--- Extracted data ---
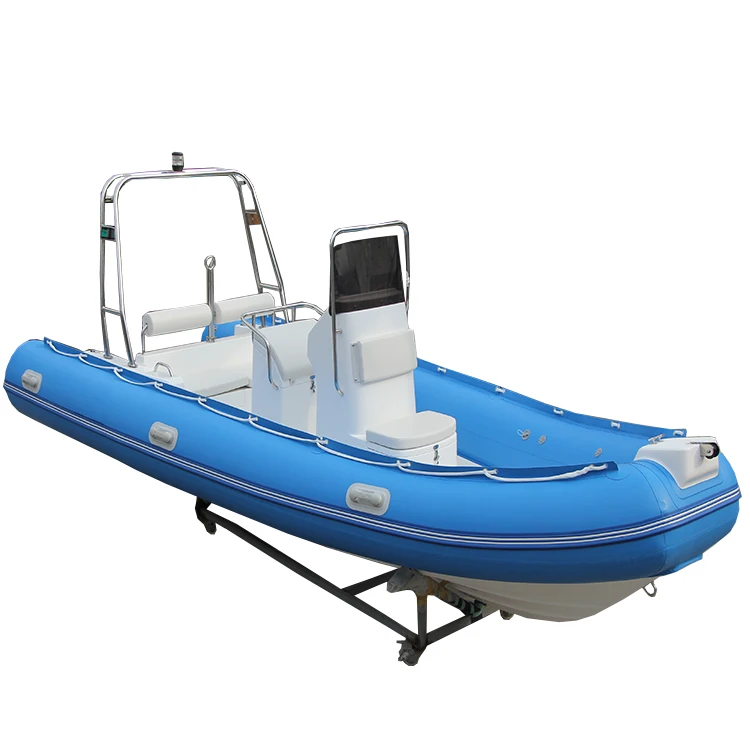 19 футов 580 RIB модная надувная лодка из стекловолокна с большой солнечной палубой
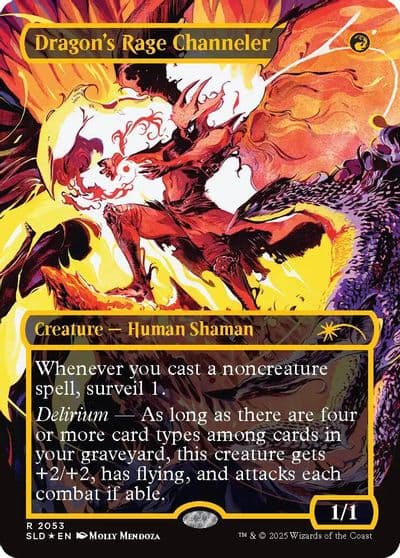 Dragons Rage Channeler 2053 Raised Foil Secret Lair Drop Series Magic card
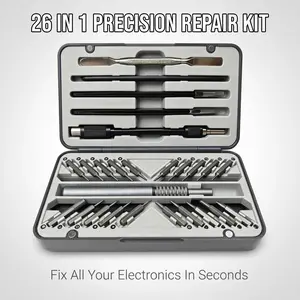 26 in 1 Precision Screwdriver Set with Extension Rod & Pry Bar, Magnetic Bits, Portable Repair Tool Kit with Storage Case for iPhone, Computer, Eyeglasses, Watch, PS5 Game Console and Other Electronics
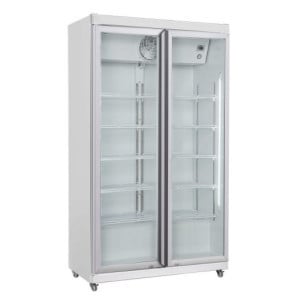 Kühlschrank mit positiver Kühlung - 2 Glastüren - 785 L CombiSteel - Praktische Lagerung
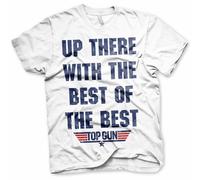 Top Gun T-Shirt Bianco Cotone Girocollo Manica Corta BIG&TALL 3XL 4XL 5XL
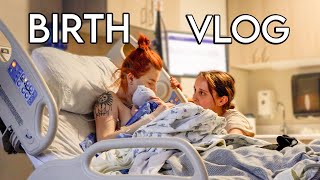 BIRTH VLOG  Labor amp Delivery Of Our First Baby Home Birth to Hospital [upl. by Mattland]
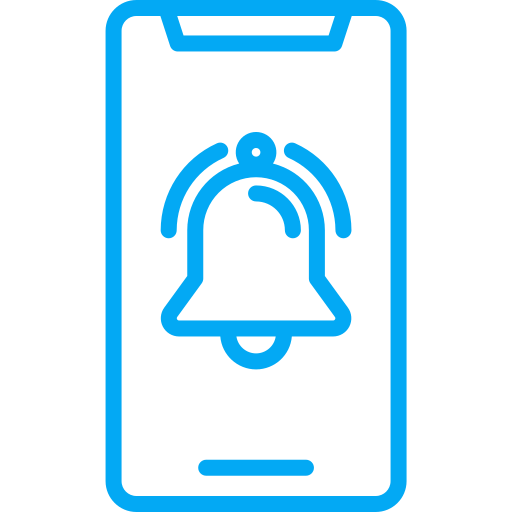 campana de notificación icono gratis
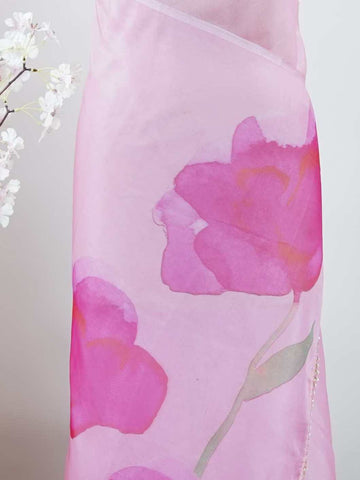 Organza Organza Kaushiki - Organza saree - Manoranjitham Weaves - Handloom Store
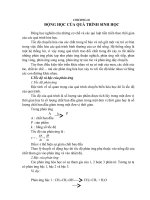 động học của quá trình sinh học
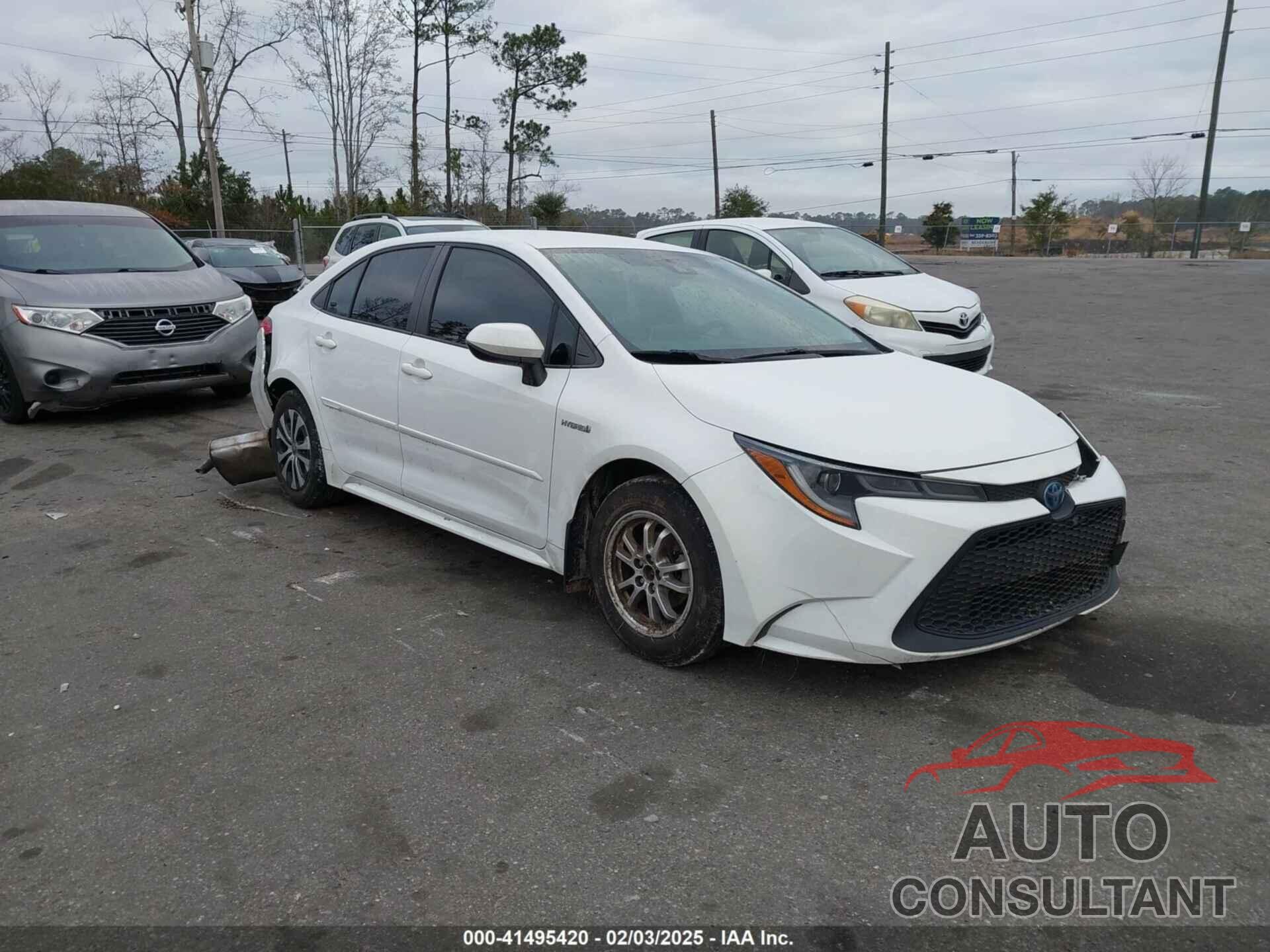 TOYOTA COROLLA 2020 - JTDEBRBE0LJ011754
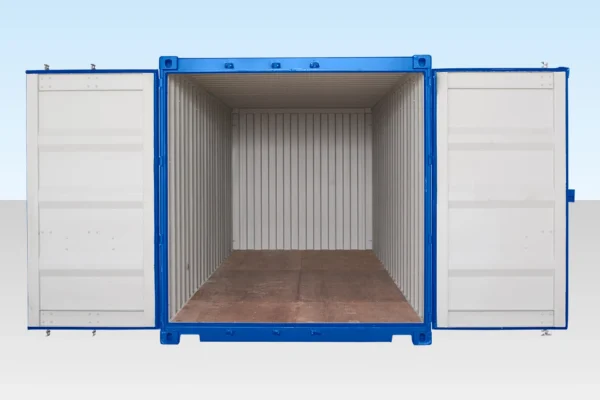 20FT Self Storage Container With Bamboo Floor – Blue (RAL 5010) - Image 3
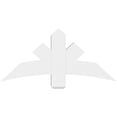 thumbnail image 2 of 48"W x 22"H x 6"D x 6"F, 11/12 Pitch, Alberta Architectural Grade PVC Gable Bracket, 2 of 8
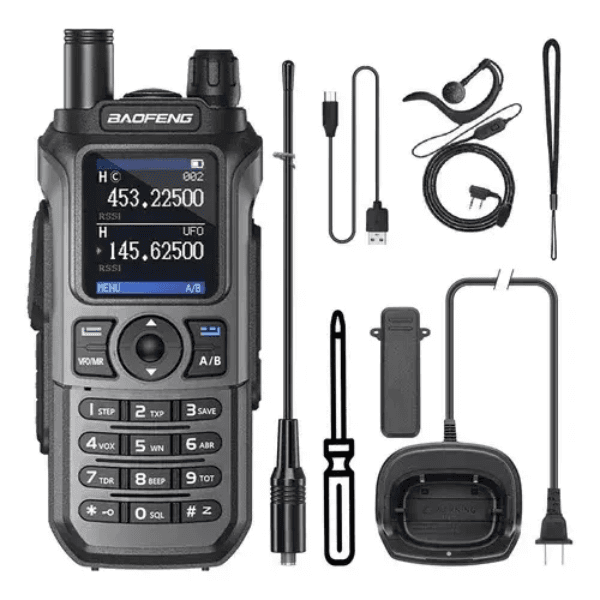 Rádio Comunicador Baofeng Uv-21 999 Canais - Preto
---
(Task directions): Your answer should consist solely of the lines from the one holding "campana de notificación icono gratis" through the end of the listing, reproduced exactly and without pictures.

(Result of this task):
 campana de notificación icono gratis
 Organza Organza Kaushiki - Organza saree - Manoranjitham Weaves - Handloom Store
 động học của quá trình sinh học
 TOYOTA COROLLA 2020 - JTDEBRBE0LJ011754
 20FT Self Storage Container With Bamboo Floor – Blue (RAL 5010) - Image 3
 thumbnail image 2 of 48"W x 22"H x 6"D x 6"F, 11/12 Pitch, Alberta Architectural Grade PVC Gable Bracket, 2 of 8
 Rádio Comunicador Baofeng Uv-21 999 Canais - Preto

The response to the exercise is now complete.